この世界の成り立ちについての小さなこと
私が産まれた水上という世界は、おそらく他の世界とは違っている。私は私を主体とした確かな世界を持っているし、君も君を主体とした世界を持っているはずだ。水上は私と君の世界に潤いを与え、色を淡くする。その淡さに多くの人々は気づいていない。きっと群青色の髪の魔女たちでさえ、気付いているのはごく僅かなものたちだけだろう。水上という世界が取り囲む、私と君の世界。淡い景色、淡いブルーの光、淡い笑顔の君、淡く進む、時間。その淡さはとても自然主義的であるが、自然に産まれたものではないことは明白だ。誰かによって作られた淡さ。
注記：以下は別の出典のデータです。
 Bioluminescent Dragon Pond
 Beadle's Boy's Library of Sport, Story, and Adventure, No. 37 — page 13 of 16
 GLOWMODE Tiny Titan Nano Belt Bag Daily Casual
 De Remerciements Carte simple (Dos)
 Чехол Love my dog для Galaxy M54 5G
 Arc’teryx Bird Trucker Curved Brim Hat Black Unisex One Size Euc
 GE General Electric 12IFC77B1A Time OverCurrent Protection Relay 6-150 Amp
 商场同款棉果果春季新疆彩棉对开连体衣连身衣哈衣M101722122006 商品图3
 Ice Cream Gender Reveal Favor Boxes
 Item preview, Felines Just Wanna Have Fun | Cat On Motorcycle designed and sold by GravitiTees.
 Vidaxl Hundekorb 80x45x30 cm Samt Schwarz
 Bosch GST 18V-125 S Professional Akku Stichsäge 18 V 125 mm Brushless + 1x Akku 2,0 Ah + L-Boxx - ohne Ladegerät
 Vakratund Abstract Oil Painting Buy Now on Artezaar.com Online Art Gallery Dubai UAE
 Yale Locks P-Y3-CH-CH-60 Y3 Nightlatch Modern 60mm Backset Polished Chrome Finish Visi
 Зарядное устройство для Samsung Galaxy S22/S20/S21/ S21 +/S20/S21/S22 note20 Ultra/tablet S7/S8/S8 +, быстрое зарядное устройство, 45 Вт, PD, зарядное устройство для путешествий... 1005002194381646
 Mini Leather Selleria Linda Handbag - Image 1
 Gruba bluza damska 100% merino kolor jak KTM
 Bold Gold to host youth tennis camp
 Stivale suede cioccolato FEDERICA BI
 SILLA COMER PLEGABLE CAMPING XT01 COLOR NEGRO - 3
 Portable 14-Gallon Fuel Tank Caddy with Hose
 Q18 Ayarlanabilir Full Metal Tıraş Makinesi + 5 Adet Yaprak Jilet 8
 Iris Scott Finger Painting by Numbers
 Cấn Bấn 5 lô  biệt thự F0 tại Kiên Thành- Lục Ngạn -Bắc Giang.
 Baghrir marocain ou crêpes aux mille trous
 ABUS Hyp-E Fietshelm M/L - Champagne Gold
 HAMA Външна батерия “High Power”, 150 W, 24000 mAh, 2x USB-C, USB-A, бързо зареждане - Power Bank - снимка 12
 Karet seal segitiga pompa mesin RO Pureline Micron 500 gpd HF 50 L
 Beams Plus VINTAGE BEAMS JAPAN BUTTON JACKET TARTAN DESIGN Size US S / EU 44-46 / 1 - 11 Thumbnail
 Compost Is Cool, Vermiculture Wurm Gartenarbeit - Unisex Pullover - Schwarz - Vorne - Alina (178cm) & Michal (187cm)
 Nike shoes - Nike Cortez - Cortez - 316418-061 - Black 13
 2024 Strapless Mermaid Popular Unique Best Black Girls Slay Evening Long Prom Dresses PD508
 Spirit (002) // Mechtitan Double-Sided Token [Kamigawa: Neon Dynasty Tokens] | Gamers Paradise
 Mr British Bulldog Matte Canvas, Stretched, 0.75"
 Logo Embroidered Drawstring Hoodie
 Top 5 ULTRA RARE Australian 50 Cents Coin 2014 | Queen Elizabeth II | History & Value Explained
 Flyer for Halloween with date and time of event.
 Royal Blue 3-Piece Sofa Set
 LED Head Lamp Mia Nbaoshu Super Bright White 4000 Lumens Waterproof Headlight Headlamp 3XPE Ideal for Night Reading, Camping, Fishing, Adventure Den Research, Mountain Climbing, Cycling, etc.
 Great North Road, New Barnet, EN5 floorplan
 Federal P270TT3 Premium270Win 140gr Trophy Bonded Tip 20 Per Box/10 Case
この世界、至る場所に発見されるギミックからも、誰かが何かを企んでいることは明らかだ。魔法と伴った、仕掛け。工学と呼ぶには上品すぎ、遊びと呼ぶには目的が明白でない。企み、というのが適切か? そう、この世界には誰かが何かを企んだ形跡があるのだ。なんのために? さあ、それは分からない。しかし、その企みは、この世界が産まれるのと同時に、いや、もっと前から運動を続けていたのだろう。
だって。
あり得ないのだ。
この世界が成立することが。
水の上に施された世界。
その仕組みは、私が考えられる範疇を超えている。
幻想、という言葉に頼らなければ、私はこの世界を認められない。
でも幻想は確かに存在している。
信じなければいけないのだろうか?
信じるのなら、私はきっと、何かを見つけ出すために人生を捧げるだろう。
君は調子が悪そうだね。でも、それは君のせいじゃない。
この淡い世界のせいだ。
幻想のせいだ。
解けてなくなってしまう世界だとしても、誰かが企んだ幻想ならば。
君はどう思う?
君には小さなことだったとしても私は絶対に。
許せないって、思うんだ。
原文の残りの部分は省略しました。